Provided information Start Marker

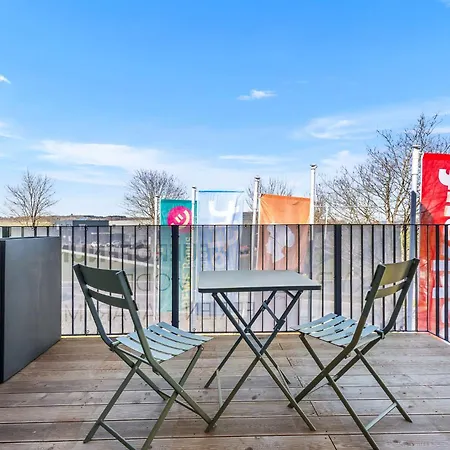 Skyrise Mit Kueche, Wlan & Parkplatz - Ruhige Lage Apartmán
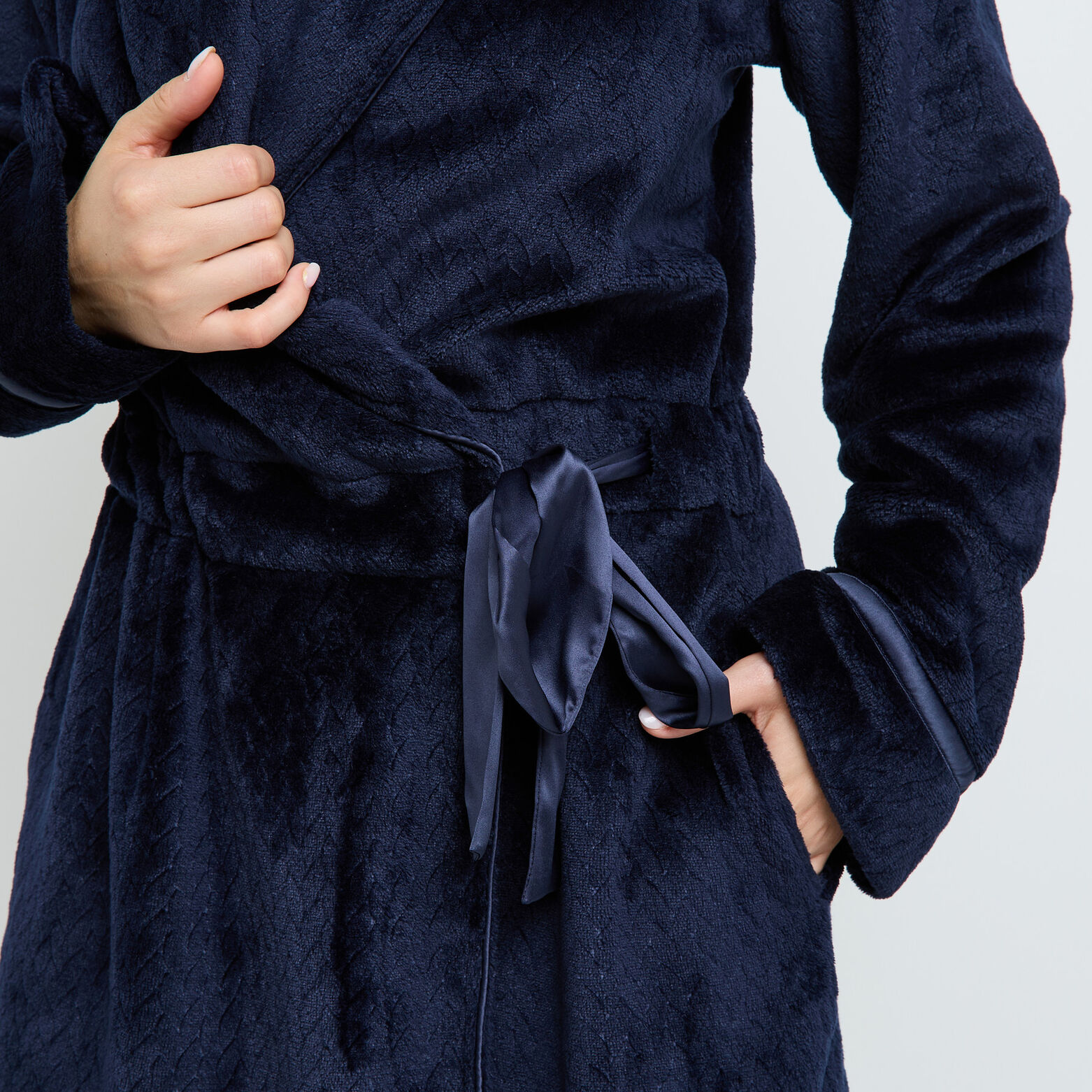 CAROLINE PEIGNOIR BLEU
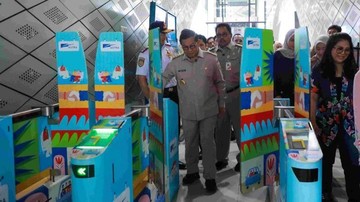 pramono-minta-penjual-jakcard-layanan-transportasi-gratis-ditindak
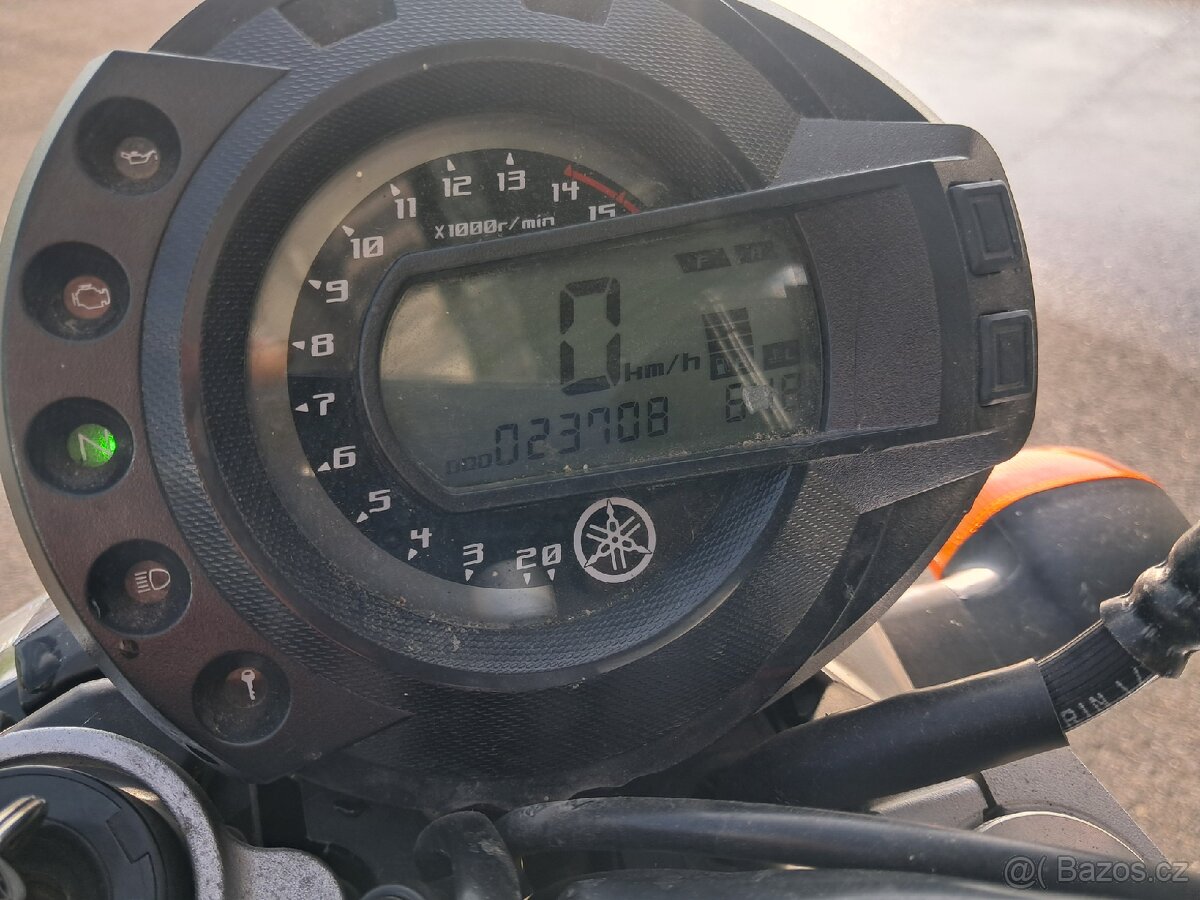 Yamaha FZ6N 600 - 2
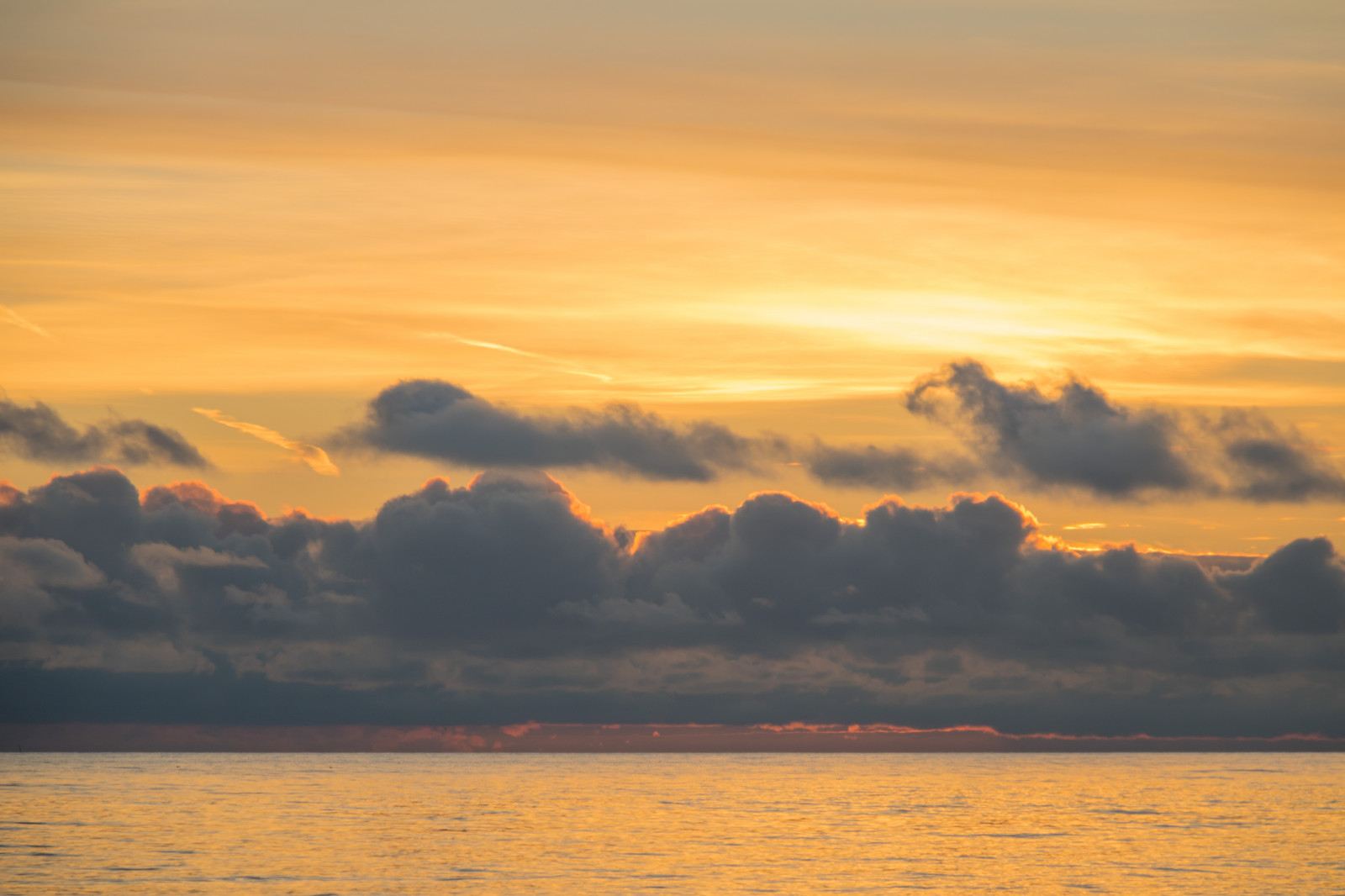 sollys, solnedgang, hav, afspejling, himmel, solopgang, aften, morgen, kyst, Sol, horisont, atmosfære, skumring, Sky, daggry, ocean, himmel, solnedg ng, hav, Moln, Trelleborg, kust, exif model canoneos760d, geocountry, kamera gør kanon, geocity, kameramodel canoneos760d, geostate, geolocation, exif linse efs18200mmf3556is, exif gøre kanon, exif isospeed 100, exif focallength 110mm, exif åbning 63, atmosfærisk fænomen, efterglød, rød himlen om morgenen, meteorologisk fænomen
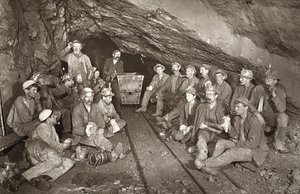 "Croust time", mina East Pool, ilustração de "Mongst mines and miners, ou Underground Scenes by Flash-Light" de J.C. Burrows e William Thomas, pub. 1893 (foto sépia) de John Charles Burrow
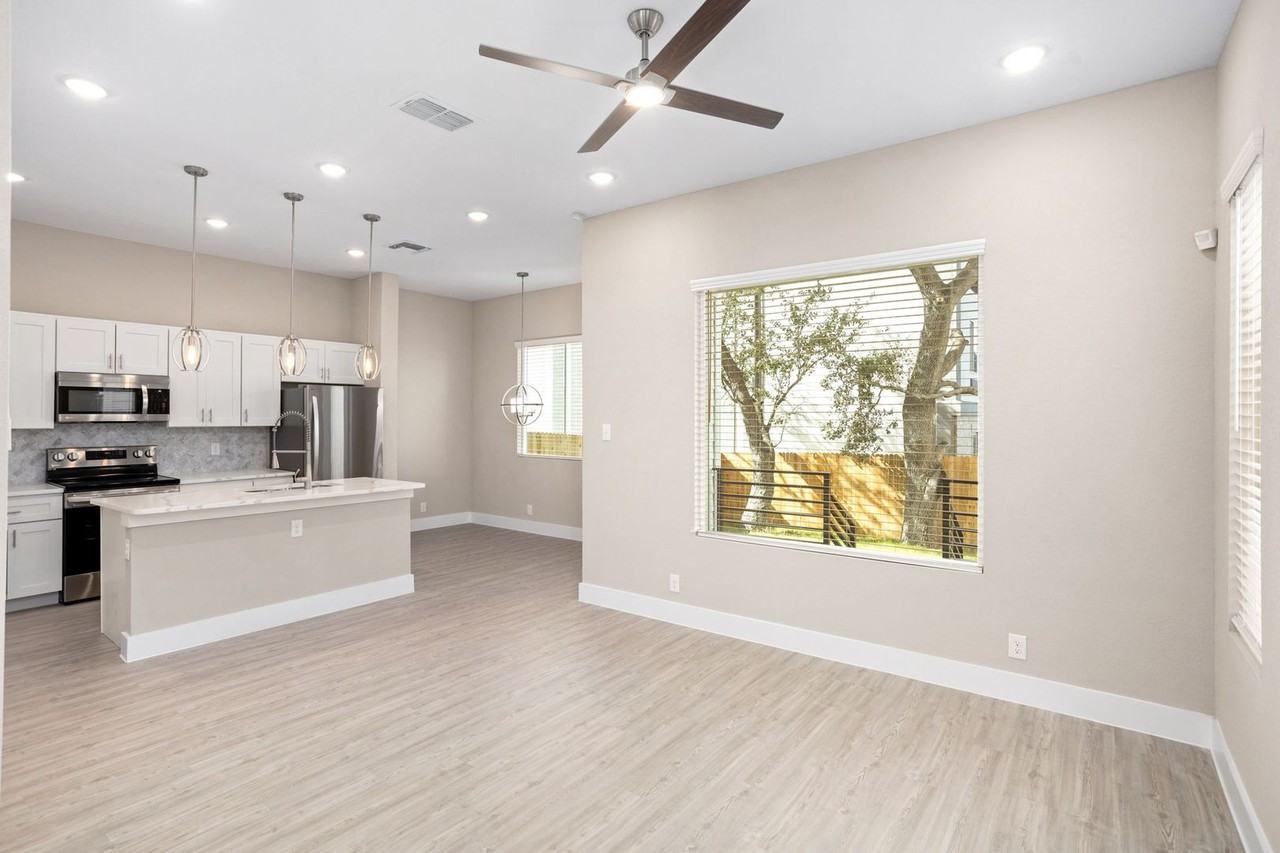 11831 Zarkava Way - Photo 6 of 32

Provided information End Marker

**Try it**
Output all of the entries once more, word for word, with the images removed.

**Solution for this problem**
 Skyrise Mit Kueche, Wlan & Parkplatz - Ruhige Lage Apartmán
 CAROLINE PEIGNOIR BLEU
 pramono-minta-penjual-jakcard-layanan-transportasi-gratis-ditindak
 Yamaha FZ6N 600 - 2
 sollys, solnedgang, hav, afspejling, himmel, solopgang, aften, morgen, kyst, Sol, horisont, atmosfære, skumring, Sky, daggry, ocean, himmel, solnedg ng, hav, Moln, Trelleborg, kust, exif model canoneos760d, geocountry, kamera gør kanon, geocity, kameramodel canoneos760d, geostate, geolocation, exif linse efs18200mmf3556is, exif gøre kanon, exif isospeed 100, exif focallength 110mm, exif åbning 63, atmosfærisk fænomen, efterglød, rød himlen om morgenen, meteorologisk fænomen
 "Croust time", mina East Pool, ilustração de "Mongst mines and miners, ou Underground Scenes by Flash-Light" de J.C. Burrows e William Thomas, pub. 1893 (foto sépia) de John Charles Burrow
 11831 Zarkava Way - Photo 6 of 32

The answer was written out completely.